When it’s my turn I think about the roosters. I close my eyes and open my sphincter. I know that this is the most important thing I will do in my life, so I do it right. I soak my legs, my feet, the floor. I’m in the centre of a room, surrounded by criminals, displayed before them like cattle, and like cattle I empty my bowels.

After this display, in which she defecates herself, screams like a madwoman — “I start to laugh, deranged, to laugh, and laugh, and laugh” — no one bids for her and she is abandoned, alive and free, on the side of a highway. Labelled a monster by the male auctioneer, the character liberates herself by converting the sexualized female body into a monstrous spectacle. The roosters, whose smell permeates the space where the hostages are held, trigger flashbacks to the protagonist’s childhood spent at cockfights with her father. Her initial fear of the dead animals was transformed after she realized the macho cockfighters, who surreptitiously tried to kiss and touch her, were also disgusted by their visceral remains after the fights: “before falling asleep I would stick a rooster head between my legs. . .Those macho guys didn’t like lifting up a skirt to find little severed heads.”
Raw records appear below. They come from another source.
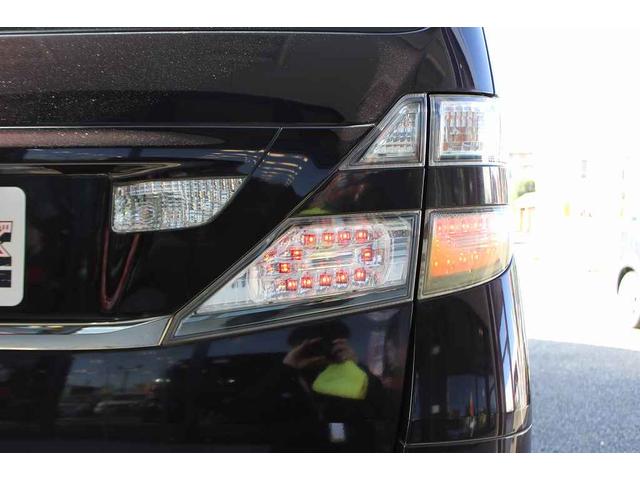 ヴェルファイア ２．４Ｚ　プラチナセレクションＩＩ　ＥＴＣ　バックカメラ　ナビ　ＴＶ　クリアランスソナー　両側電動スライドドア　ＨＩＤ　電動リアゲート　スマートキー　電動格納ミラー　後席モニター　３列シート　ＣＶＴ　アルミホイール　Ｂｌｕｅｔｏｏｔｈ（58枚目）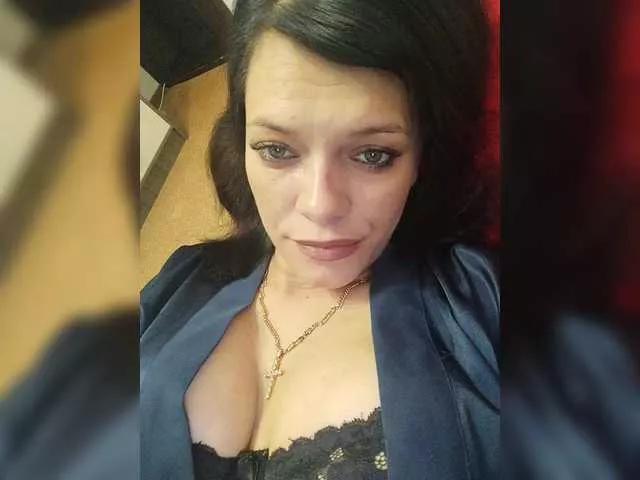 Lois-Lorrie on BongaCams 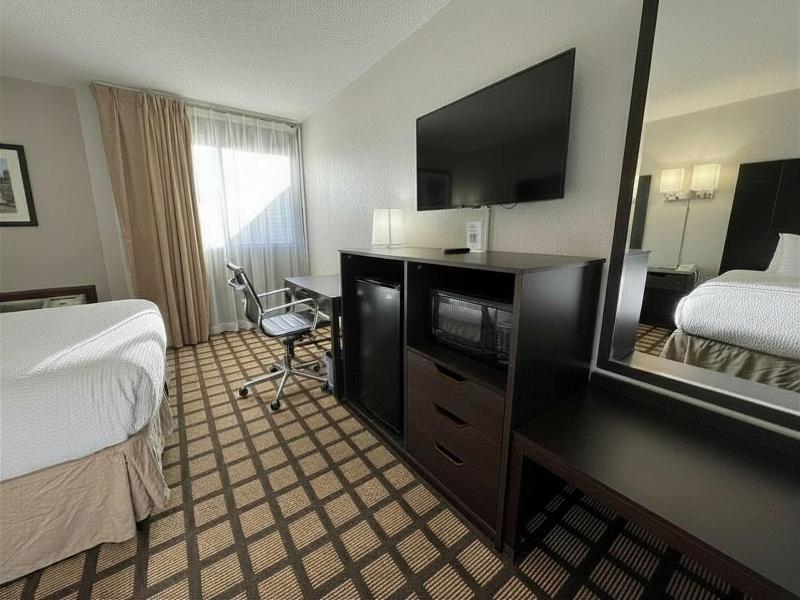 Baymont Inn & Suites Queensbury/Lake George image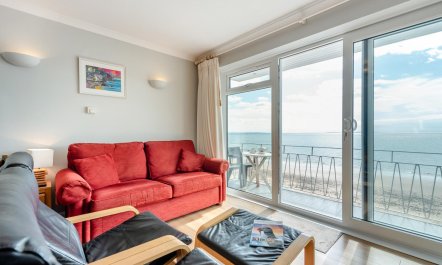 1 Bed in Saundersfoot 7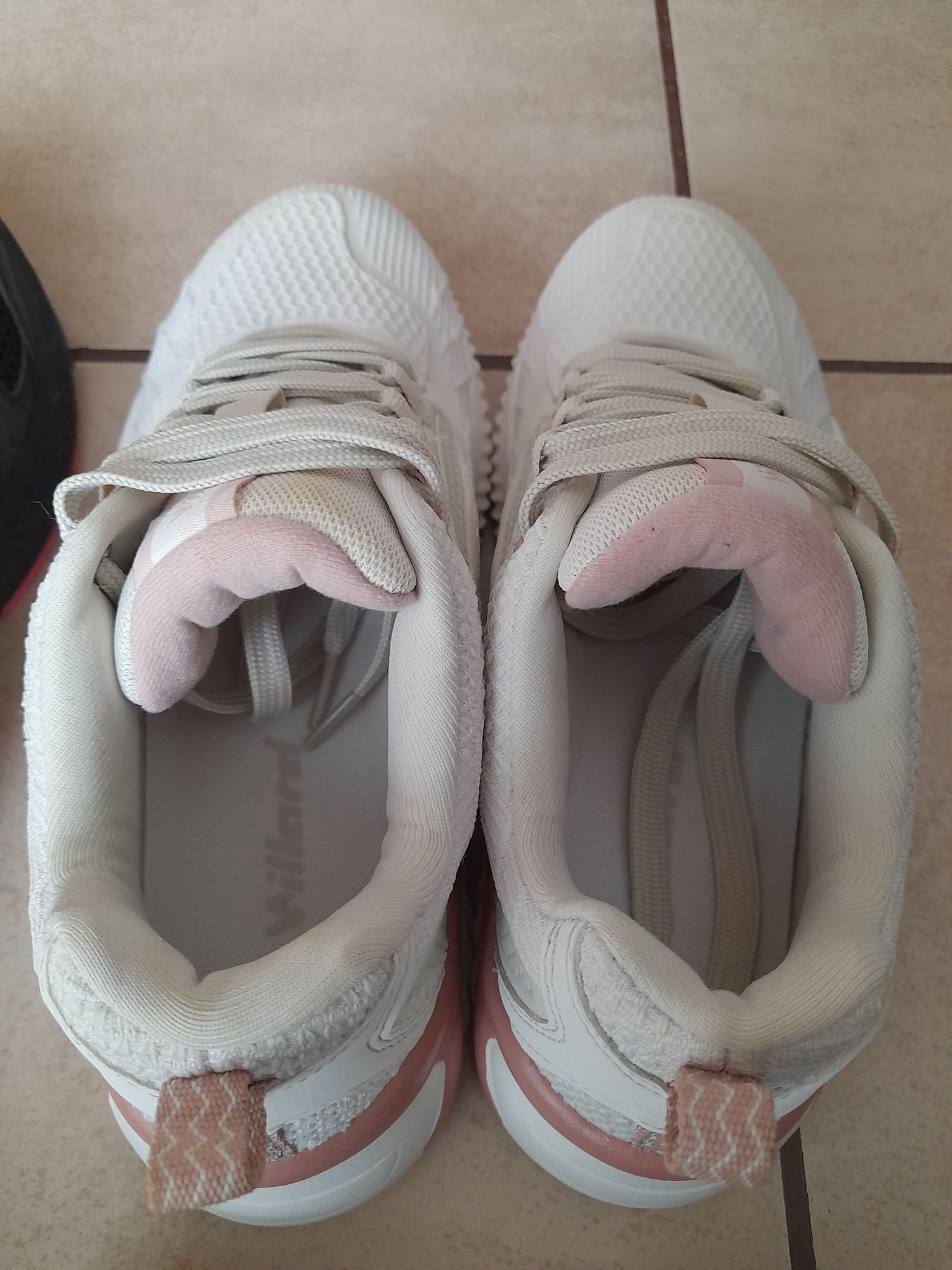 Adidași (diferite modele și marci)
This potent image and the leitmotiv of the roosters, which gives this collection of thirteen stories its title, set the terrain for Ampuero’s unflinching literary explorations of gender-based violence, sexual and domestic abuse. The collection is prefigured by a quotation from the celebrated Brazilian writer Clarice Lispector — “Am I a monster or is this what it means to be human?” — and whilst in interviews Ampuero has rejected being simplistically grouped in a category of “women writers”, it is clear that her writing dialogues with a body of recent writing by Latin American women that explores dark themes from the underbelly of female experience. As El País explains, one key theme linking the work of writers such as Samantha Schweblin, Mariana Enriquez, Ariana Harwicz, Liliana Colanzi, Margarita García Robayo, and fellow Ecuadorian Mónica Ojeda, is how it “delves into the darkest and most desolate areas of human existence and the ugliness of the world around us.” Like her Latin American contemporaries, as well as prominent Latinx writers such as Carmen María Machado, Ampuero deploys the conventions of horror to deftly unpick and disturb both the spaces of the home and the family, with the aim of making visible oppressions of gender, race and class. As the other epigraph to the collection, a quotation from Argentinian writer Fabián Casas, states: “Everything that rots forms a family.”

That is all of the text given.